* Problem to solve
Below is a set of entries. Print the line that contains "Другое в Греции, Центральная" and every later line word for word, through the final one.

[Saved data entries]
++++++++++++++++++++

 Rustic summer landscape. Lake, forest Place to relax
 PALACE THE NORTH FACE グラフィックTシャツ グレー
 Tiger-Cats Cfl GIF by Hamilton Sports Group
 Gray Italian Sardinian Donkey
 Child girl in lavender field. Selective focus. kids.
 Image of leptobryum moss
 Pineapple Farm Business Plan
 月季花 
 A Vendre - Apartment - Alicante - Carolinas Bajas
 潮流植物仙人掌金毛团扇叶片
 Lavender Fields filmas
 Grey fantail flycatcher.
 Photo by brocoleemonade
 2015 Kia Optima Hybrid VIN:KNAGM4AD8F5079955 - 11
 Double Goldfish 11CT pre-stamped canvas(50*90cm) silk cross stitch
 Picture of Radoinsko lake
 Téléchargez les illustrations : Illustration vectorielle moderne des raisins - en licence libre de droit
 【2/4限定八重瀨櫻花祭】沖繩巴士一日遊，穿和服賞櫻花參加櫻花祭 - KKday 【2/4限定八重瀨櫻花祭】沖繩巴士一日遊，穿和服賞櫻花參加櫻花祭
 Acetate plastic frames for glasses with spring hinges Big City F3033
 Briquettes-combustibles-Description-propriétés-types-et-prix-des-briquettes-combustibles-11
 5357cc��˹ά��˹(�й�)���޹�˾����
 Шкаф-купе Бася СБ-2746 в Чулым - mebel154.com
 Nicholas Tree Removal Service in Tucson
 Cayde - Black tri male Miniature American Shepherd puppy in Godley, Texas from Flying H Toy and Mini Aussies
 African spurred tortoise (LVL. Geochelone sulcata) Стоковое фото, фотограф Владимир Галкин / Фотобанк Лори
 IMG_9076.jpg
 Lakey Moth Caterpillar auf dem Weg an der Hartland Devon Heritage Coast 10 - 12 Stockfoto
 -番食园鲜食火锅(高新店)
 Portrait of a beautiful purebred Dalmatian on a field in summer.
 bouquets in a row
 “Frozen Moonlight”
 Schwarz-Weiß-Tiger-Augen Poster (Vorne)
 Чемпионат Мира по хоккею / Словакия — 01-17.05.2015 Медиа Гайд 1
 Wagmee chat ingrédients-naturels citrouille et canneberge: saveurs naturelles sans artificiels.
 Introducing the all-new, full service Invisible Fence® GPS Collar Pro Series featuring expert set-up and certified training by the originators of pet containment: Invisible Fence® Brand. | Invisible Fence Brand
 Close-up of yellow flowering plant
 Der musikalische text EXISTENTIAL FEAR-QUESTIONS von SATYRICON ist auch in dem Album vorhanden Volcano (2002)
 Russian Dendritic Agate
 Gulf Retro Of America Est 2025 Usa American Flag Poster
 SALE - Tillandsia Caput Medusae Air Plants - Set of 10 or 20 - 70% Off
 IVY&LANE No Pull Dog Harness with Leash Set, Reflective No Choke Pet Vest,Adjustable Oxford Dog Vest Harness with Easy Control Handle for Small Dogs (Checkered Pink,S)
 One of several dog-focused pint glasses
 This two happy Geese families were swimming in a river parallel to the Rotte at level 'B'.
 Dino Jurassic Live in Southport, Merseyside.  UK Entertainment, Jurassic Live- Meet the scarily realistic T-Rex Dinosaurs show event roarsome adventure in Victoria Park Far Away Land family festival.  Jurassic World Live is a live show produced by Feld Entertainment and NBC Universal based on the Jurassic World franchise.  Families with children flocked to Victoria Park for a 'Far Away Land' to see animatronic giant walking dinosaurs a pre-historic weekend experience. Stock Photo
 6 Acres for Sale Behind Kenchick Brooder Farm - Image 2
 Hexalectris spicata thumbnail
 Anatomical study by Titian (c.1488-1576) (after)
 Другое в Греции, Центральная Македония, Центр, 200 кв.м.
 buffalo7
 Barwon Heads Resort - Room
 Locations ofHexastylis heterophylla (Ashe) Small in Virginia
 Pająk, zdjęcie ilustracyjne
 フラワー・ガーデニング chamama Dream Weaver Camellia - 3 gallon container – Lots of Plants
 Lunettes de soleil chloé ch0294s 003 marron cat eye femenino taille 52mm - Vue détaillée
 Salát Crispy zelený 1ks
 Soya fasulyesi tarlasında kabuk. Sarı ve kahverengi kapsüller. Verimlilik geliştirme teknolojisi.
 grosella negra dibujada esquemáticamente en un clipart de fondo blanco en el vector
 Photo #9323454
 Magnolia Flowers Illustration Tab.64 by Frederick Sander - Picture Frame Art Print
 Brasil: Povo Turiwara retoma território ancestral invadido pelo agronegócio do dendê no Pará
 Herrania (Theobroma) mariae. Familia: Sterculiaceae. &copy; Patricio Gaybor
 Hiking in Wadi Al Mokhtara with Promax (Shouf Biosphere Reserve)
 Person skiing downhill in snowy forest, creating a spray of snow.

++++++++++++++++++++

* Answer space
 Другое в Греции, Центральная Македония, Центр, 200 кв.м.
 buffalo7
 Barwon Heads Resort - Room
 Locations ofHexastylis heterophylla (Ashe) Small in Virginia
 Pająk, zdjęcie ilustracyjne
 フラワー・ガーデニング chamama Dream Weaver Camellia - 3 gallon container – Lots of Plants
 Lunettes de soleil chloé ch0294s 003 marron cat eye femenino taille 52mm - Vue détaillée
 Salát Crispy zelený 1ks
 Soya fasulyesi tarlasında kabuk. Sarı ve kahverengi kapsüller. Verimlilik geliştirme teknolojisi.
 grosella negra dibujada esquemáticamente en un clipart de fondo blanco en el vector
 Photo #9323454
 Magnolia Flowers Illustration Tab.64 by Frederick Sander - Picture Frame Art Print
 Brasil: Povo Turiwara retoma território ancestral invadido pelo agronegócio do dendê no Pará
 Herrania (Theobroma) mariae. Familia: Sterculiaceae. &copy; Patricio Gaybor
 Hiking in Wadi Al Mokhtara with Promax (Shouf Biosphere Reserve)
 Person skiing downhill in snowy forest, creating a spray of snow.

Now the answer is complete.